I interviewed Hodges in 2002 when the League of Cincinnati Theatres inducted her into its Hall of Fame. She told me she’d much prefer to be earning an “I Hung in There” award. That’s precisely what she has continued to do.
Since settling here in 1988, she’s been a regular on local stages.
Cincinnati Playhouse audiences know her from numerous productions of A Christmas Carol as well as shows as varied as The Piano Teacher, Witness for the Prosecution, The Retreat from Moscow, The Crucible, Ten Little Indians, The Importance of Being Earnest, Les Liaisons Dangereuses and Equus. Whether it’s comedy (she was a hilarious Indian in The Fantasticks in 2010) or drama (as the poignant Fool in King Lear in 2001), she excels. Among her most memorable performances is the imperious academic, Dr. Vivian Bearing, a scholar with expertise in the complex sonnets of poet John Donne who must face her own mortality, in the Playhouse’s 2000 production of Margaret Edson’s Pulitzer Prize-winning play, Wit.
At Ensemble Theatre Cincinnati, Hodges has appeared in shows including 33 Variations, Grey Gardens, Bed Among the Lentils, Seascape and, recently, Mrs. Mannerly. For Cincinnati Shakespeare Company she played the drug-addicted Mary Tyrone in Eugene O’Neill’s Long Day’s Journey into Night, as well as an array of Shakespearean roles. She’s worked with Cincinnati Opera and the Cincinnati Symphony Orchestra.
Born in England, Hodges did some theater as a teenager, but it was three years with an amateur dramatic group in South Africa that led her toward a career onstage. She returned to England for three years at a London drama school then came to the United States in 1971.
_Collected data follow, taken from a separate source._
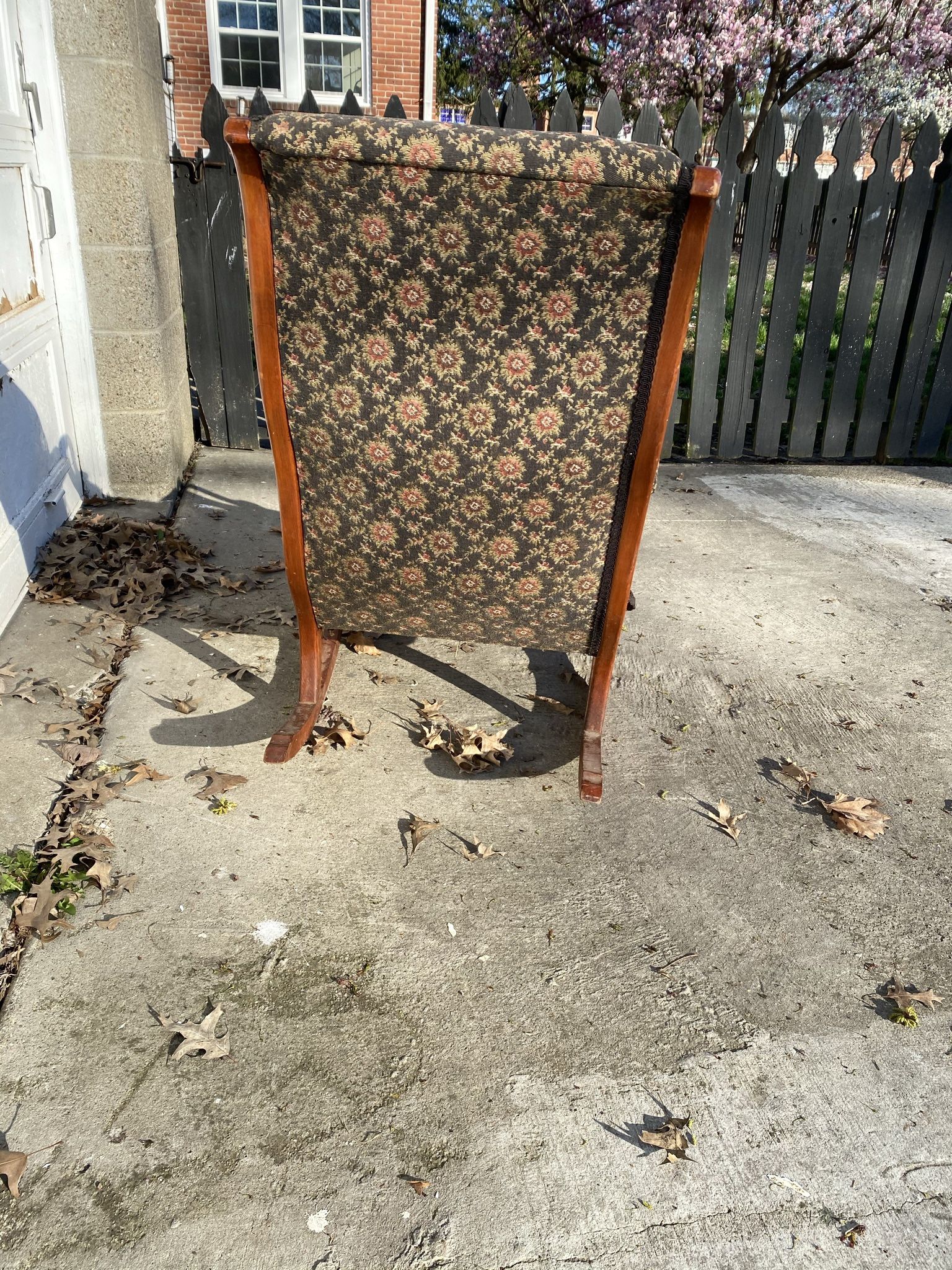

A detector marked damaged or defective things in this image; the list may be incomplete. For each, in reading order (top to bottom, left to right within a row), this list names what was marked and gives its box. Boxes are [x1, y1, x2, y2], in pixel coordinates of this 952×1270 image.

cracked concrete slab [0, 452, 949, 1264]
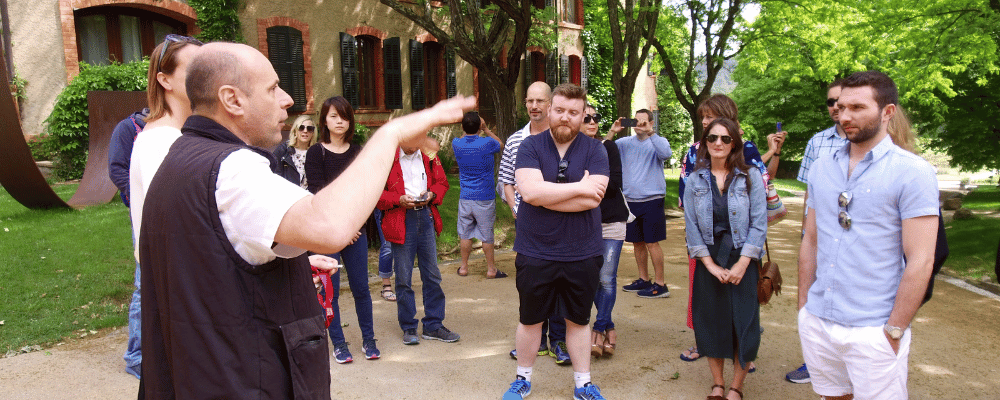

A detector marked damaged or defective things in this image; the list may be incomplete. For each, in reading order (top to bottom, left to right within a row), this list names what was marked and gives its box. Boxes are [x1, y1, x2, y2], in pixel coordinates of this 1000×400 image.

rusty metal sculpture [0, 55, 146, 209]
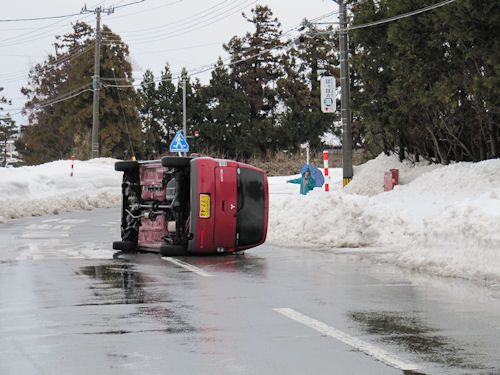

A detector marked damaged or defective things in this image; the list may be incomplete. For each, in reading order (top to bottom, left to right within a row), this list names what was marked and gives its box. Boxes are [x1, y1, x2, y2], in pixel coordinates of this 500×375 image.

overturned red van [113, 157, 270, 258]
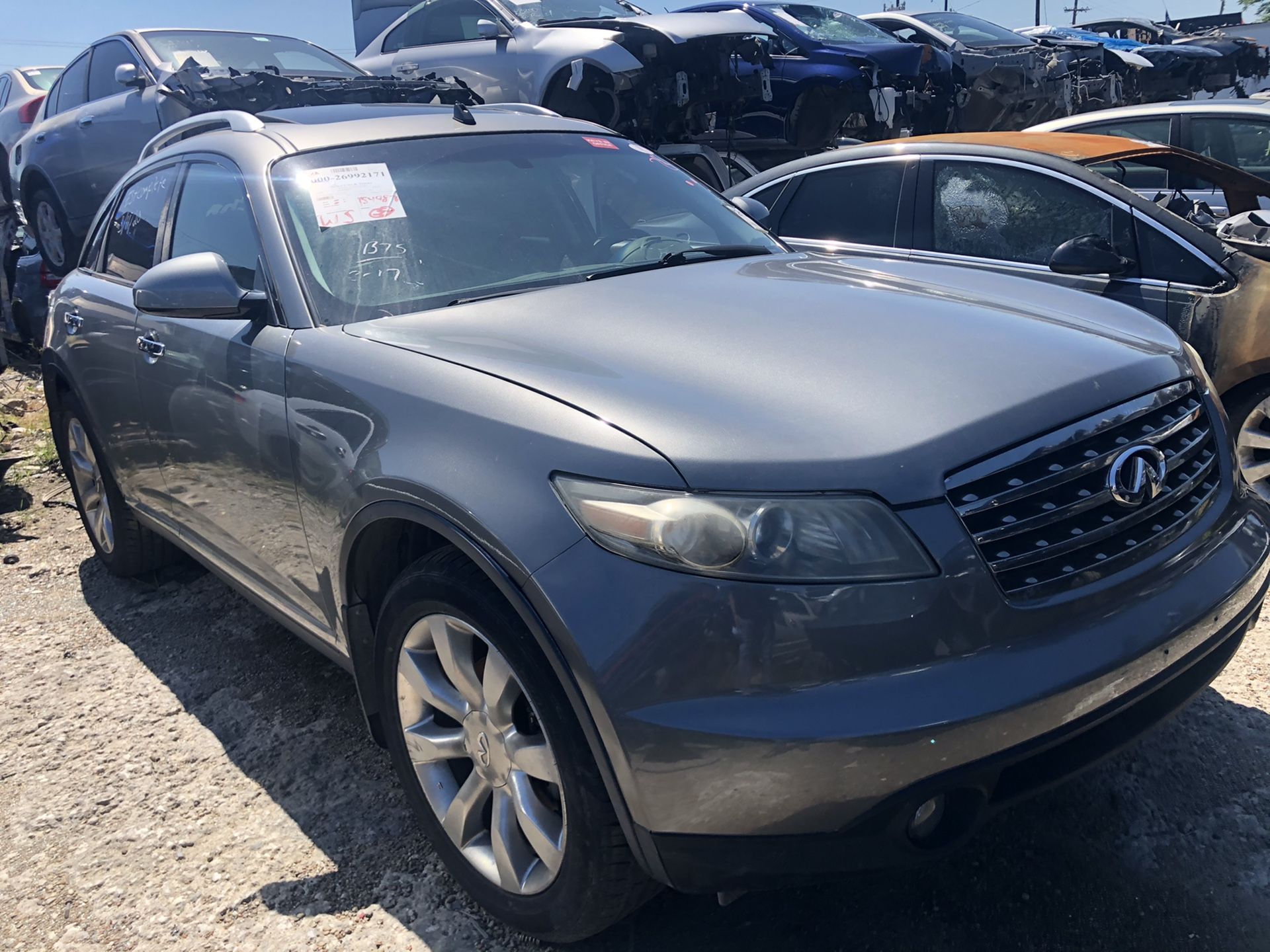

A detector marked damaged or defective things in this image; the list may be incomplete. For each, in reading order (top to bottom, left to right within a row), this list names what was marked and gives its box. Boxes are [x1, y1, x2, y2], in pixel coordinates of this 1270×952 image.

damaged car body [9, 26, 480, 271]
damaged car body [353, 0, 777, 166]
damaged car body [681, 2, 954, 149]
damaged car body [863, 11, 1132, 130]
damaged car body [731, 132, 1270, 500]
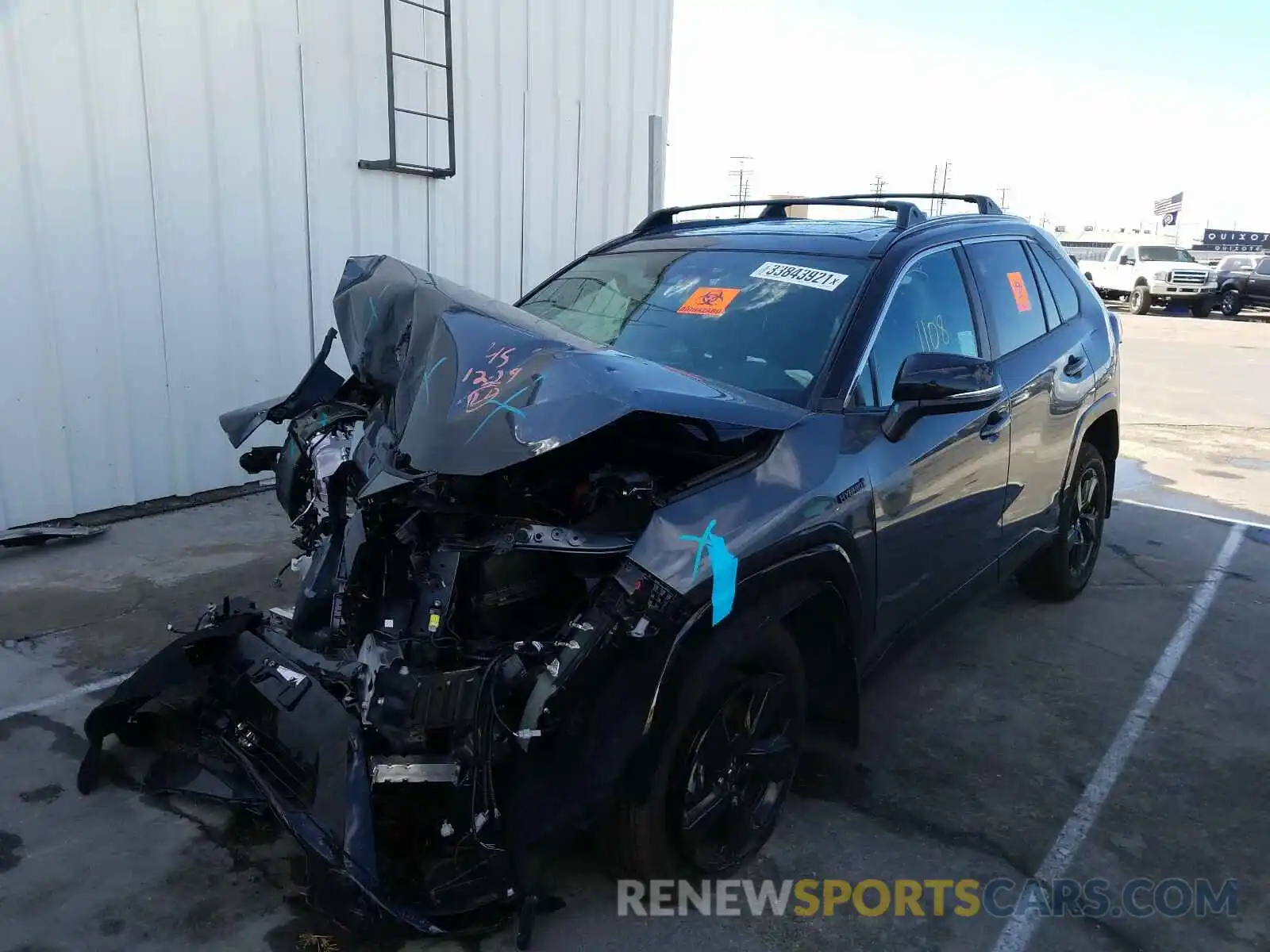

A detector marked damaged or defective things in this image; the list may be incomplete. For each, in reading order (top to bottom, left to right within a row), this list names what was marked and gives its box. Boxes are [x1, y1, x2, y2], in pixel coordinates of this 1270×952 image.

crumpled hood [333, 255, 807, 477]
detached bumper [1148, 282, 1214, 297]
damaged gray suv [76, 191, 1122, 949]
detached bumper [75, 612, 505, 939]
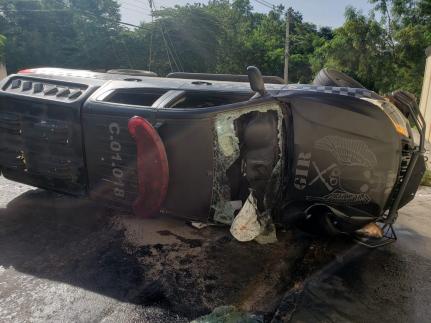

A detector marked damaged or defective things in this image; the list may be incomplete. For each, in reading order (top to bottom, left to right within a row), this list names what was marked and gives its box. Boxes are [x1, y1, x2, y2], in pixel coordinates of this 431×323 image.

overturned black suv [0, 67, 426, 247]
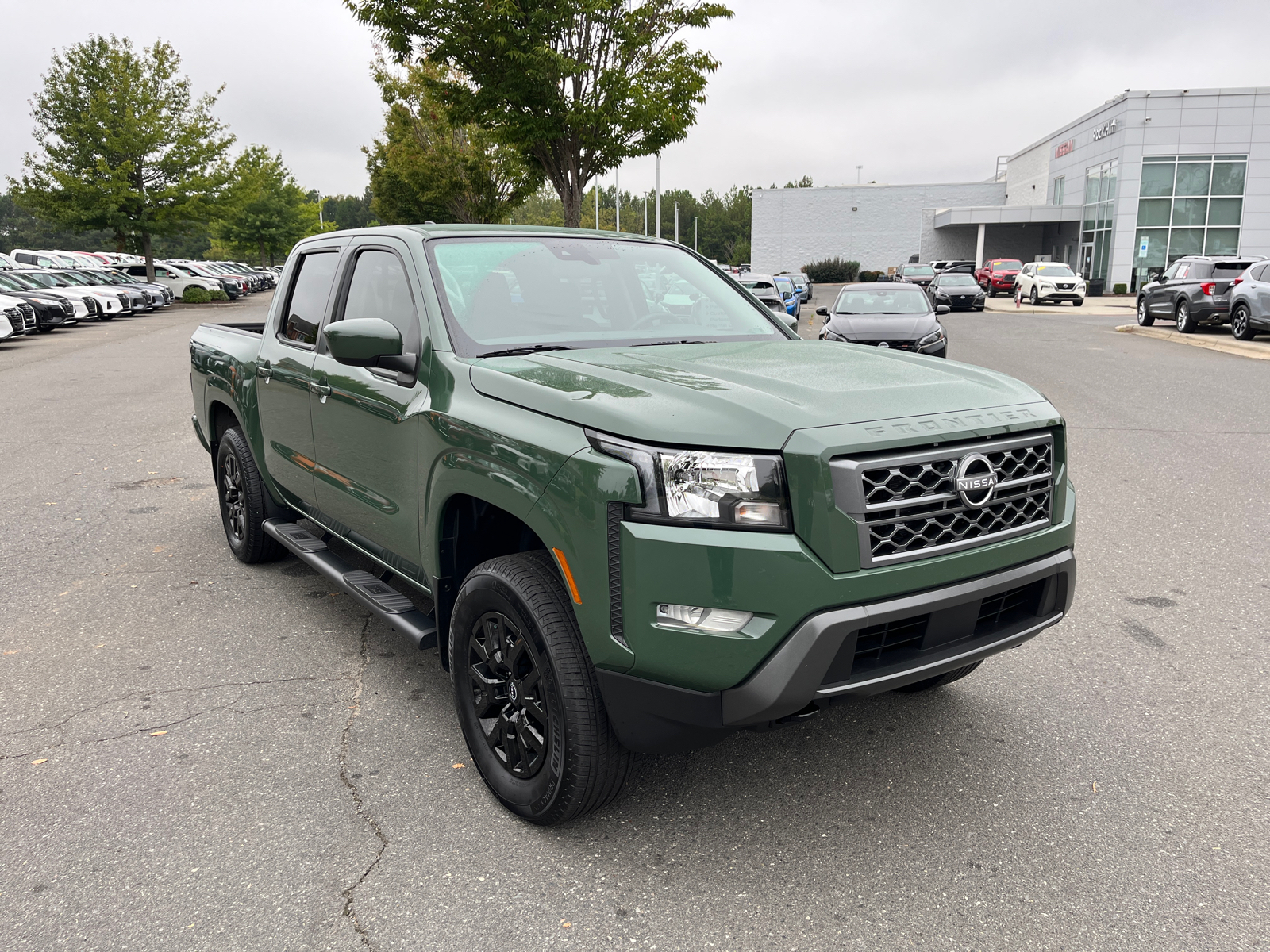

She found work in New York City and joined the professional union, Actors’ Equity. In 1974, she and her American husband relocated to Cincinnati for a few years while he attended school. When the marriage ended, she returned to New York with her young son, Hugh, who was born in Cincinnati. Life as a single mom presented challenges for the young actress, but Hodges flourished, finding supporting roles and understudying assignments that fit her lifestyle; she loved New York City. But it wasn’t forever: “I knew I didn’t want to grow old in New York,” she says. After a seven-year courtship, she married David Logan, an old acquaintance from Cincinnati, and moved here permanently.
Hodges is something of an activist, although she doesn’t see herself as political in the common sense of the term. But she believes that keeping people’s imaginations alive is a political act.
“Live theater,” she says, “has a greater capacity to do that than other art forms, perhaps because of the collusion between performer and audience.”
In 2002 Hodges was grateful for her career — and eager for more. She has constantly sought the chance to make her performing “more human, more universal, easier to understand.” Back in 2002, she told me, “All I want to do is work.” And work she has. So she’s off to Wisconsin to learn about being even better. I can’t wait to see what comes next.